Exercise details. Copy out all the data, word for word.

Task data.
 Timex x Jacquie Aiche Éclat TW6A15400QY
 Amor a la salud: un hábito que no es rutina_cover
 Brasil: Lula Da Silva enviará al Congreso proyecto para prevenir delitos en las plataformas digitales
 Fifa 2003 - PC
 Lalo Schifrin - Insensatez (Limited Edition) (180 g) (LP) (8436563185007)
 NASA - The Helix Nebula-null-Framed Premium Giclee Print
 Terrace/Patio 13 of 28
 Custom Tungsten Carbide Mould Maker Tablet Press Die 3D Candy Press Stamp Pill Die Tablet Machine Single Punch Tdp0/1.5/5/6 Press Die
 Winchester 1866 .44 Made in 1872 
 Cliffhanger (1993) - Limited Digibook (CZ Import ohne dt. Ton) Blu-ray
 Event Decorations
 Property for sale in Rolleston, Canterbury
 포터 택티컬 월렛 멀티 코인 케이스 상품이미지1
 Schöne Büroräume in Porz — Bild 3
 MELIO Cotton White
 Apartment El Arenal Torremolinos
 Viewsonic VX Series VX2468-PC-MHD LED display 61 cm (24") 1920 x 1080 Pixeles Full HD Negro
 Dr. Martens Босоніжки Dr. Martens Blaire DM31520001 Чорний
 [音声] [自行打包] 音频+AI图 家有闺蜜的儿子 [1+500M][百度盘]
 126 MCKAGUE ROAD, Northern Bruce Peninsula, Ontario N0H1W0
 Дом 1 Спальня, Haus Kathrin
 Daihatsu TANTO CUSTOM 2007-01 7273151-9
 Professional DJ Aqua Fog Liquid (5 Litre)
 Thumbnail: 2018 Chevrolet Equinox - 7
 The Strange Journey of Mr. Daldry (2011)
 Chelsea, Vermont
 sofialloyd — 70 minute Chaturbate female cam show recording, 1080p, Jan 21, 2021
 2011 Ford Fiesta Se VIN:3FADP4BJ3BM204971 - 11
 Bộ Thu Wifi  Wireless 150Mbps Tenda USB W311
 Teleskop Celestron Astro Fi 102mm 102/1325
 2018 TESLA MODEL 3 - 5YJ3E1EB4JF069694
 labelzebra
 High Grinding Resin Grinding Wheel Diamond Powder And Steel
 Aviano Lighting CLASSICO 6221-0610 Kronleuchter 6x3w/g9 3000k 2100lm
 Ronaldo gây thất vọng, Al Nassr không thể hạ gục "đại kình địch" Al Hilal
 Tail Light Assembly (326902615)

Exercise output.
 Timex x Jacquie Aiche Éclat TW6A15400QY
 Amor a la salud: un hábito que no es rutina_cover
 Brasil: Lula Da Silva enviará al Congreso proyecto para prevenir delitos en las plataformas digitales
 Fifa 2003 - PC
 Lalo Schifrin - Insensatez (Limited Edition) (180 g) (LP) (8436563185007)
 NASA - The Helix Nebula-null-Framed Premium Giclee Print
 Terrace/Patio 13 of 28
 Custom Tungsten Carbide Mould Maker Tablet Press Die 3D Candy Press Stamp Pill Die Tablet Machine Single Punch Tdp0/1.5/5/6 Press Die
 Winchester 1866 .44 Made in 1872 
 Cliffhanger (1993) - Limited Digibook (CZ Import ohne dt. Ton) Blu-ray
 Event Decorations
 Property for sale in Rolleston, Canterbury
 포터 택티컬 월렛 멀티 코인 케이스 상품이미지1
 Schöne Büroräume in Porz — Bild 3
 MELIO Cotton White
 Apartment El Arenal Torremolinos
 Viewsonic VX Series VX2468-PC-MHD LED display 61 cm (24") 1920 x 1080 Pixeles Full HD Negro
 Dr. Martens Босоніжки Dr. Martens Blaire DM31520001 Чорний
 [音声] [自行打包] 音频+AI图 家有闺蜜的儿子 [1+500M][百度盘]
 126 MCKAGUE ROAD, Northern Bruce Peninsula, Ontario N0H1W0
 Дом 1 Спальня, Haus Kathrin
 Daihatsu TANTO CUSTOM 2007-01 7273151-9
 Professional DJ Aqua Fog Liquid (5 Litre)
 Thumbnail: 2018 Chevrolet Equinox - 7
 The Strange Journey of Mr. Daldry (2011)
 Chelsea, Vermont
 sofialloyd — 70 minute Chaturbate female cam show recording, 1080p, Jan 21, 2021
 2011 Ford Fiesta Se VIN:3FADP4BJ3BM204971 - 11
 Bộ Thu Wifi  Wireless 150Mbps Tenda USB W311
 Teleskop Celestron Astro Fi 102mm 102/1325
 2018 TESLA MODEL 3 - 5YJ3E1EB4JF069694
 labelzebra
 High Grinding Resin Grinding Wheel Diamond Powder And Steel
 Aviano Lighting CLASSICO 6221-0610 Kronleuchter 6x3w/g9 3000k 2100lm
 Ronaldo gây thất vọng, Al Nassr không thể hạ gục "đại kình địch" Al Hilal
 Tail Light Assembly (326902615)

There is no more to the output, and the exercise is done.